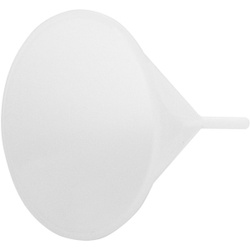 SCHNEIDER Trichter, natur, Kunststofftrichter mit praktischer Aufhängeöse, Durchmesser: 50 mm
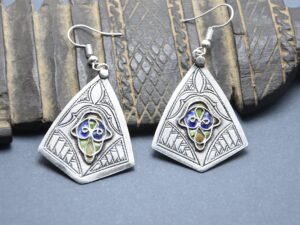 Earrings Berber Silver Filigrane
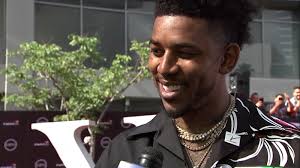 Maybe you would like to learn more about one of these? Video Nick Swaggy P Young Surprisingly Has A Shirt On At The Espys Abc7 San Francisco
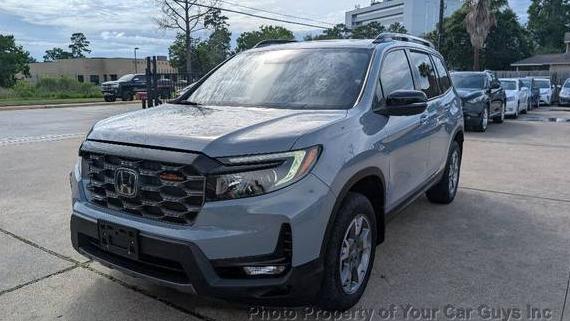 HONDA PASSPORT 2022 5FNYF8H60NB001408 image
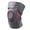 Gray, variant on Knee Brace Support for Meniscus Tear Compression Sleeve Protective Gear Men Women Running Recovery Stabilizer Black 22 cm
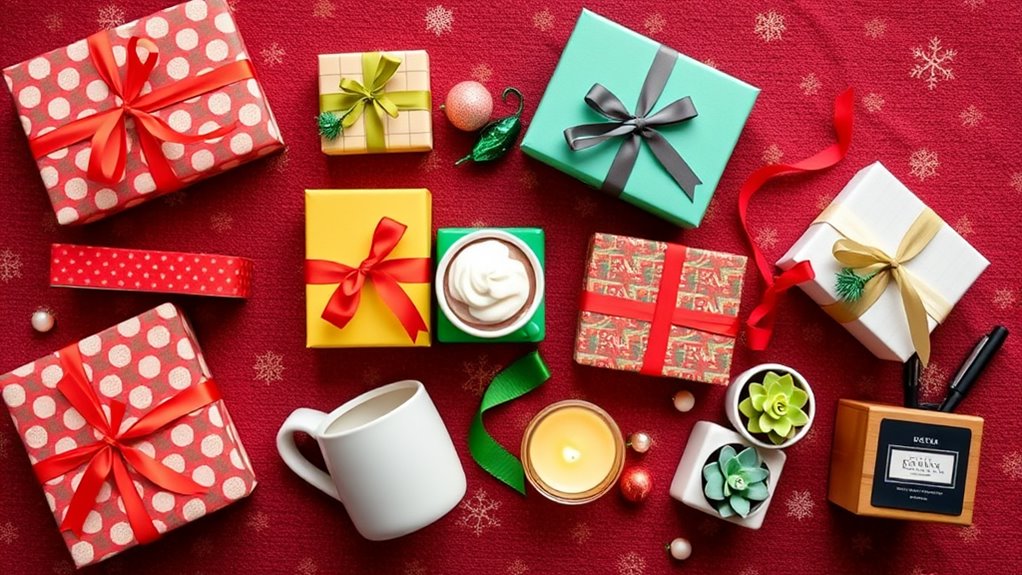 affordable christmas coworker gifts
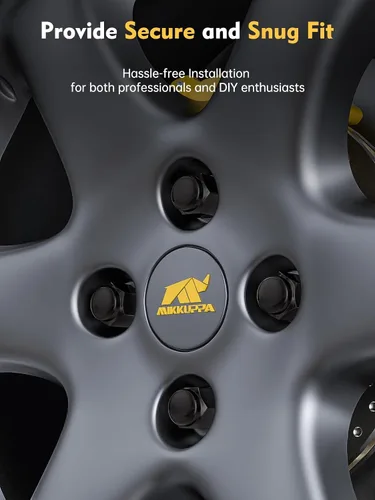 Vista 7 de MIKKUPPA M12x1.5 Tuercas para ATV - 16 piezas Tuercas de repuesto M12x1.5 Negras con hexágono de 19mm, Compatibles con Polaris Ranger XP RZR 900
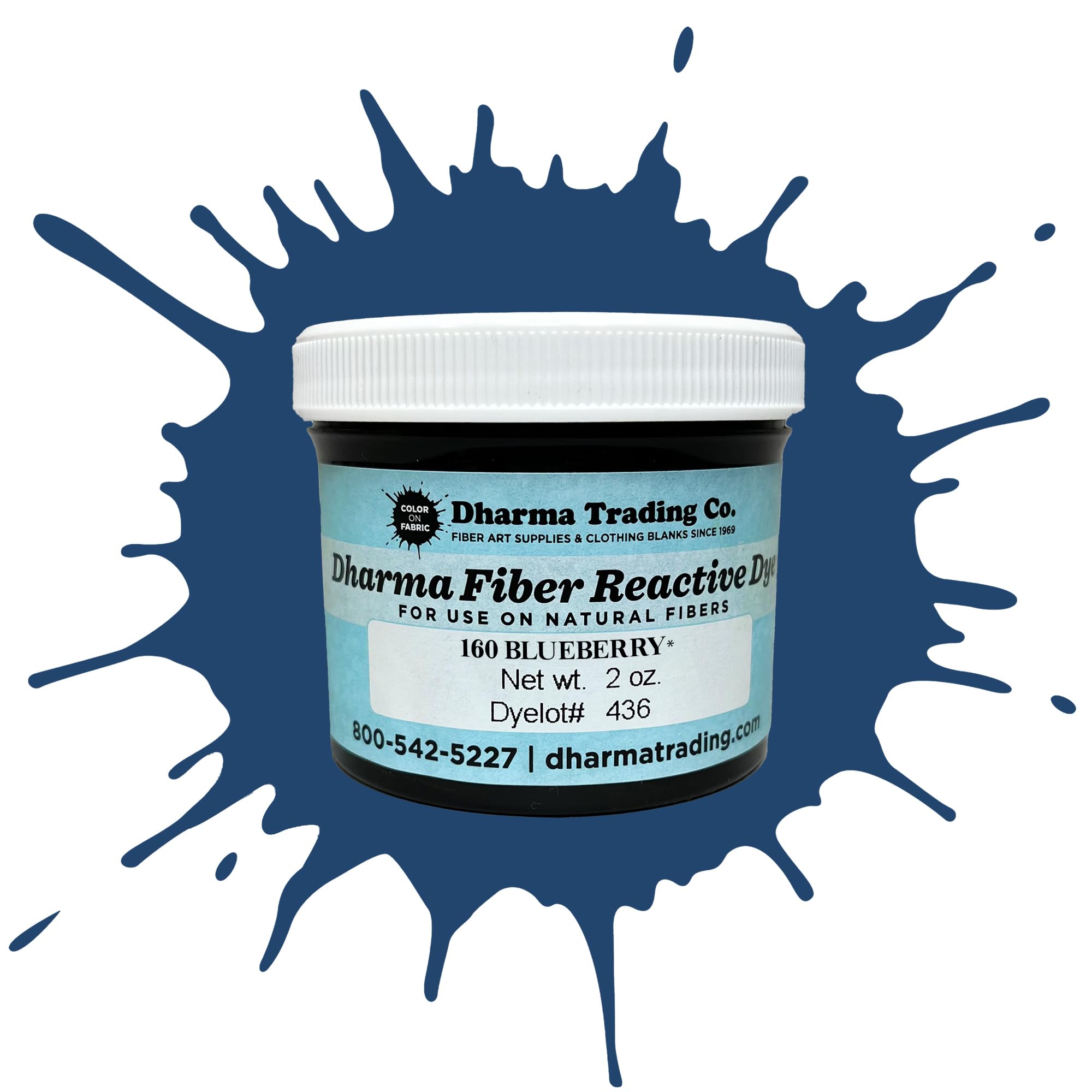 Dharma Fiber Reactive Procion Dye - The #1 Dye for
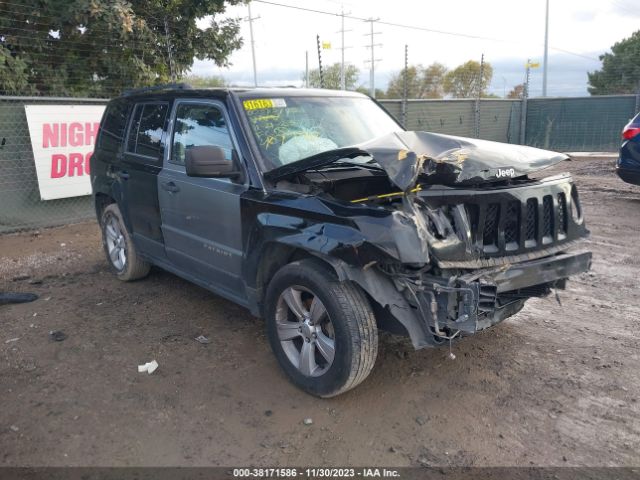 JEEP PATRIOT 2015 1c4njpbb4fd409792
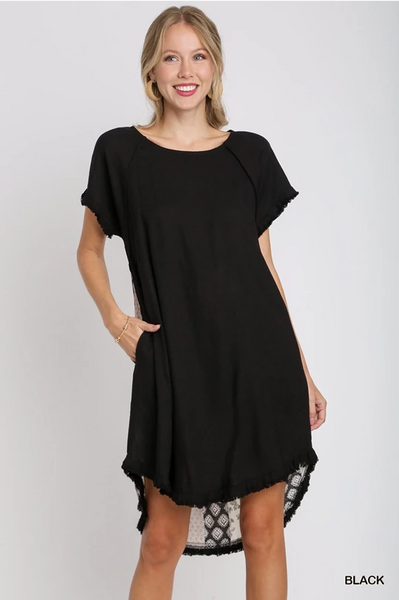 Country Dress in Black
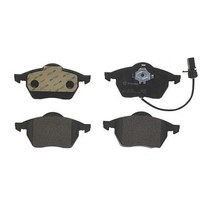 Bremsbelagsatz Scheibenbremse 21 Mm Brembo FüR U.A. VW Sharan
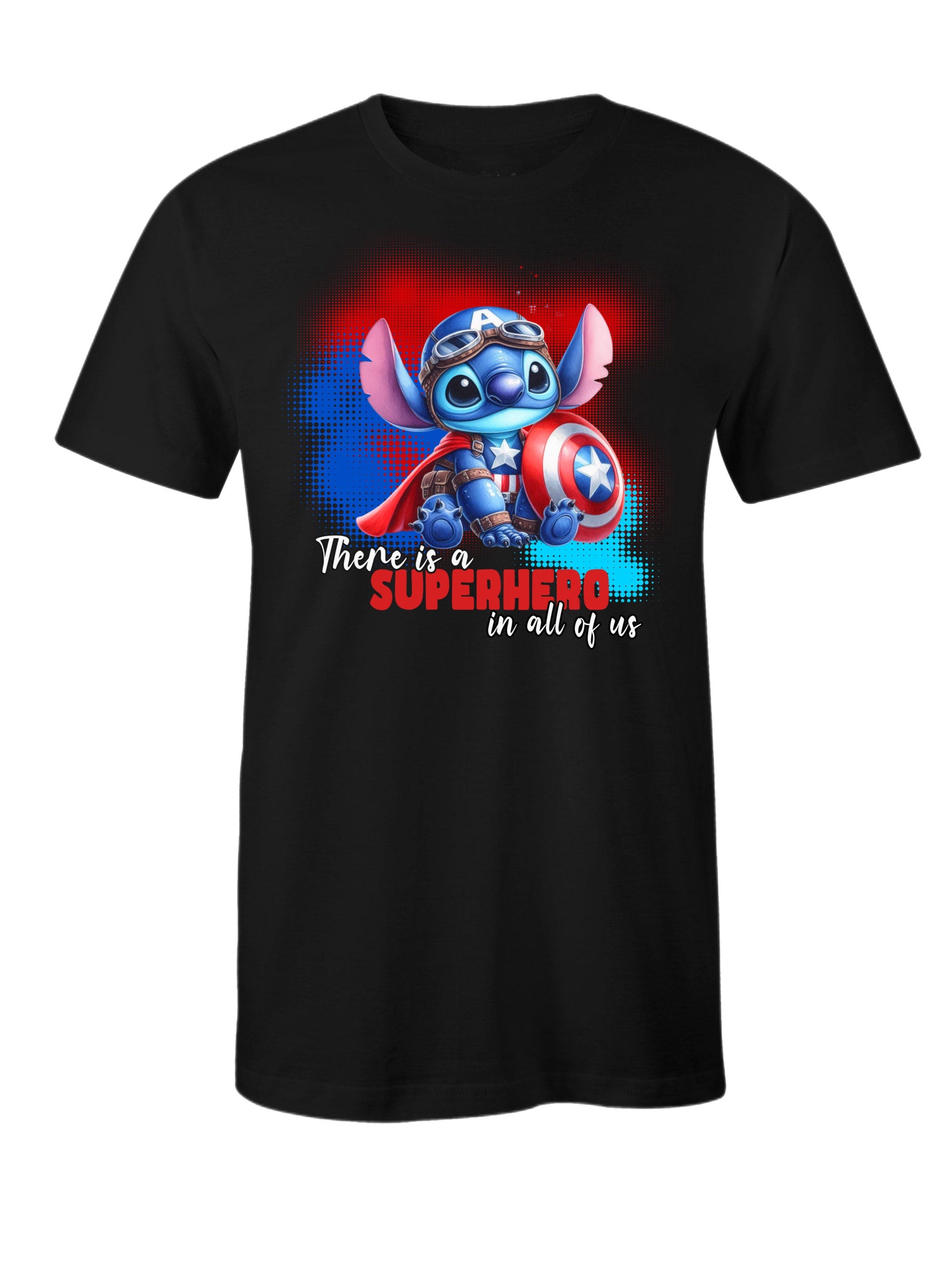 Super Blue Alien (ADULT SIZES)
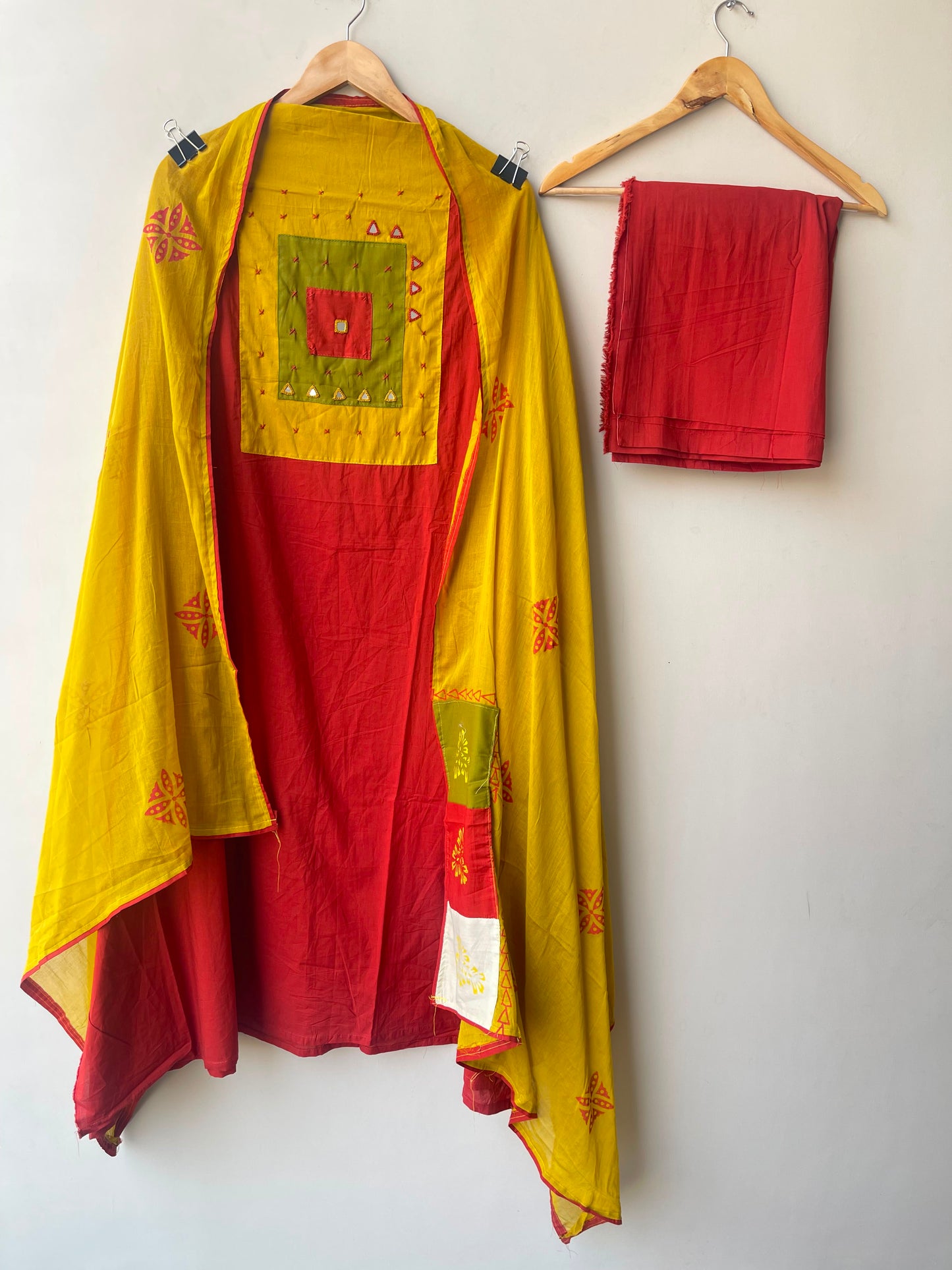 Cotton unstitched ladies suit Rc19001 (b)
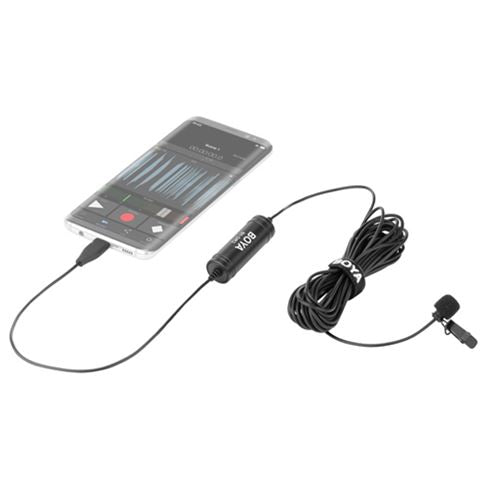 Micro Lavalier Boya BY-DM2 pour Android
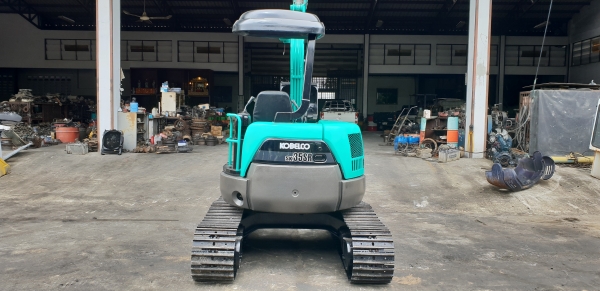 ขายรถขุด KOBELCO รุ่น SK35SR มือสองญี่ปุ่น แทรกเหล็ก สลัก บูทเอวแน่น 100\% ปั้มนิ้ว คอนโทรลสั้น ทำงานไว สวยพร้อมใช้งาน มือถือ 0818753444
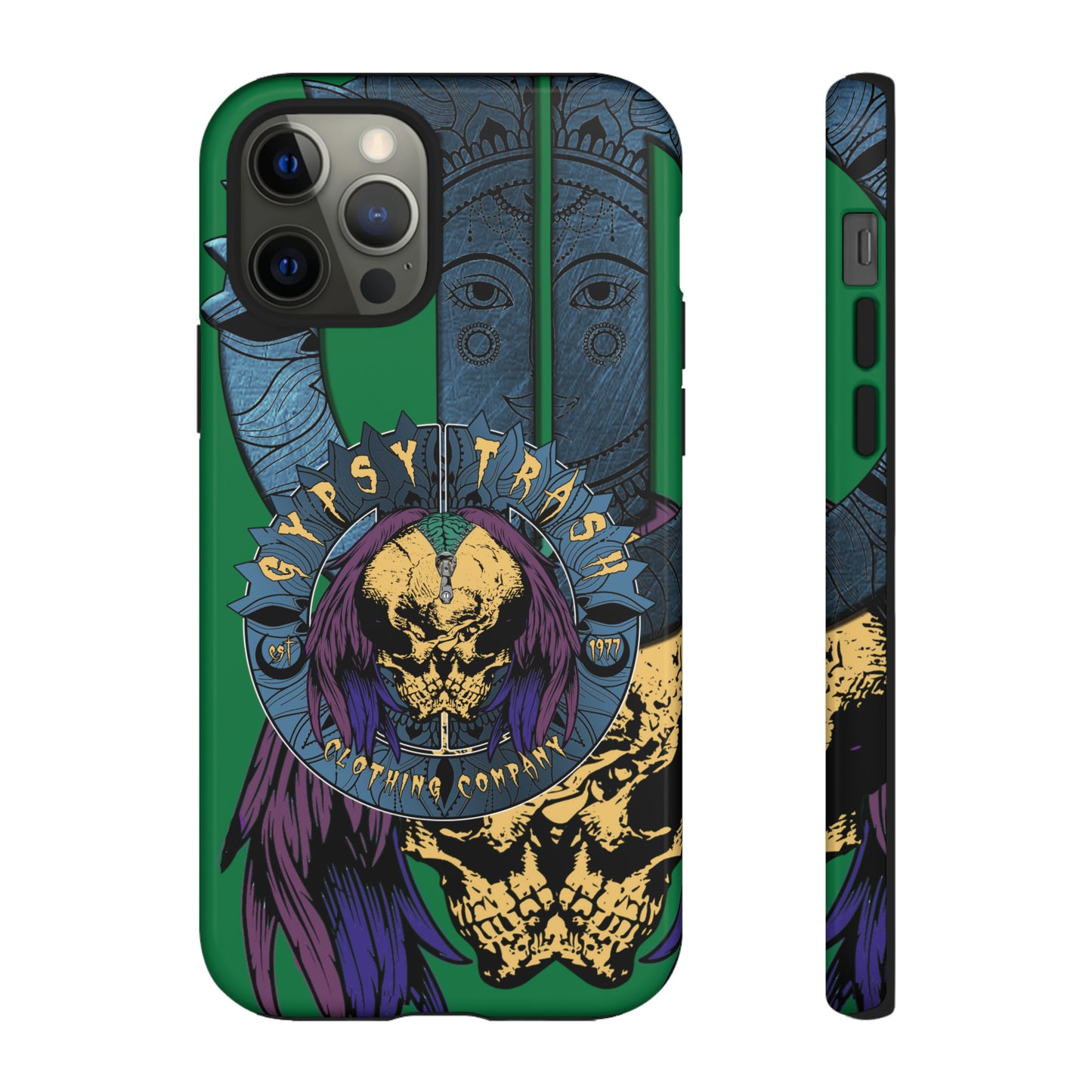 Tough GTCC Phone Cases (Green)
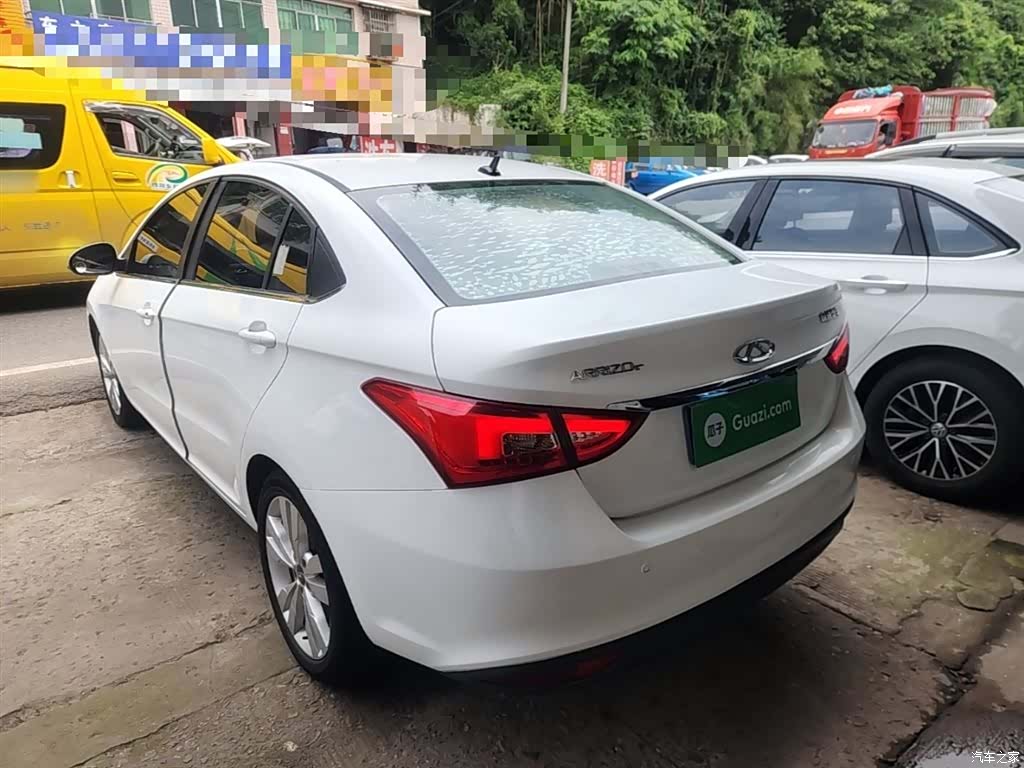 Chery 5, 2017 все фото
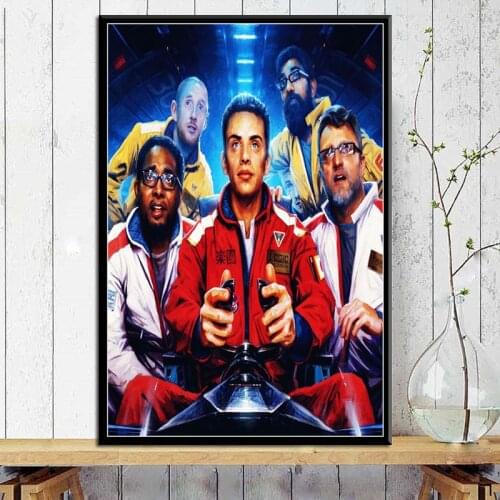 Tarantino Confessions Of A Dangerous Music Posters And Prints Canvas Painting Wall Picture For Living Room Decoration Home Decor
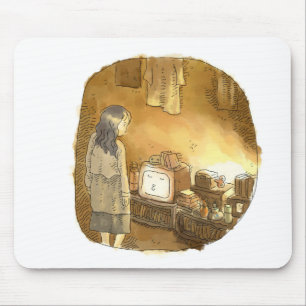 さ や む な じ MOUSEPAD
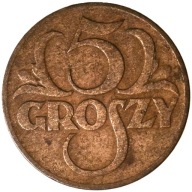 5 gr groszy 1935 - II RP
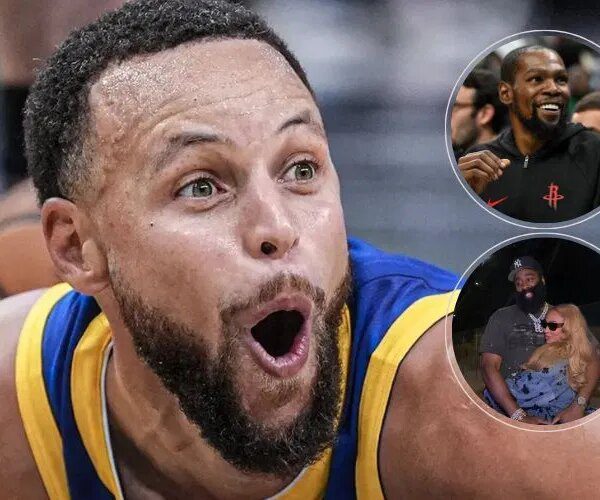 James Harden’s Girlfriend Fires Off Strong Message as Steph Curry & Co.…
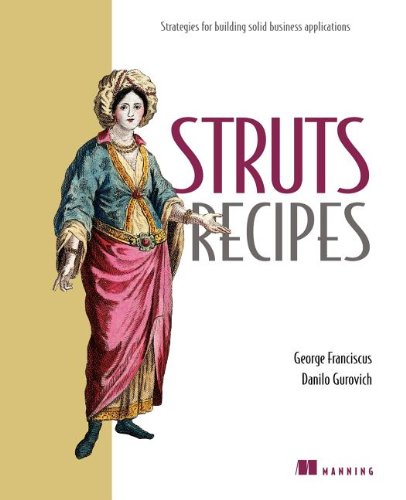 9781932394245: Struts Recipes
▬▬▬▬▬▬
EXERCISE INSTRUCTIONS: Pictures are to be excluded; all other material must be transcribed exactly.

RESPONSE TO THIS TASK:
 SCHNEIDER Trichter, natur, Kunststofftrichter mit praktischer Aufhängeöse, Durchmesser: 50 mm
 Earrings Berber Silver Filigrane
 Maybe you would like to learn more about one of these? Video Nick Swaggy P Young Surprisingly Has A Shirt On At The Espys Abc7 San Francisco
 HONDA PASSPORT 2022 5FNYF8H60NB001408 image
 Gray, variant on Knee Brace Support for Meniscus Tear Compression Sleeve Protective Gear Men Women Running Recovery Stabilizer Black 22 cm
 affordable christmas coworker gifts
 Vista 7 de MIKKUPPA M12x1.5 Tuercas para ATV - 16 piezas Tuercas de repuesto M12x1.5 Negras con hexágono de 19mm, Compatibles con Polaris Ranger XP RZR 900
 Dharma Fiber Reactive Procion Dye - The #1 Dye for
 JEEP PATRIOT 2015 1c4njpbb4fd409792
 Country Dress in Black
 Bremsbelagsatz Scheibenbremse 21 Mm Brembo FüR U.A. VW Sharan
 Super Blue Alien (ADULT SIZES)
 Cotton unstitched ladies suit Rc19001 (b)
 Micro Lavalier Boya BY-DM2 pour Android
 ขายรถขุด KOBELCO รุ่น SK35SR มือสองญี่ปุ่น แทรกเหล็ก สลัก บูทเอวแน่น 100\% ปั้มนิ้ว คอนโทรลสั้น ทำงานไว สวยพร้อมใช้งาน มือถือ 0818753444
 Tough GTCC Phone Cases (Green)
 Chery 5, 2017 все фото
 Tarantino Confessions Of A Dangerous Music Posters And Prints Canvas Painting Wall Picture For Living Room Decoration Home Decor
 さ や む な じ MOUSEPAD
 5 gr groszy 1935 - II RP
 James Harden’s Girlfriend Fires Off Strong Message as Steph Curry & Co.…
 9781932394245: Struts Recipes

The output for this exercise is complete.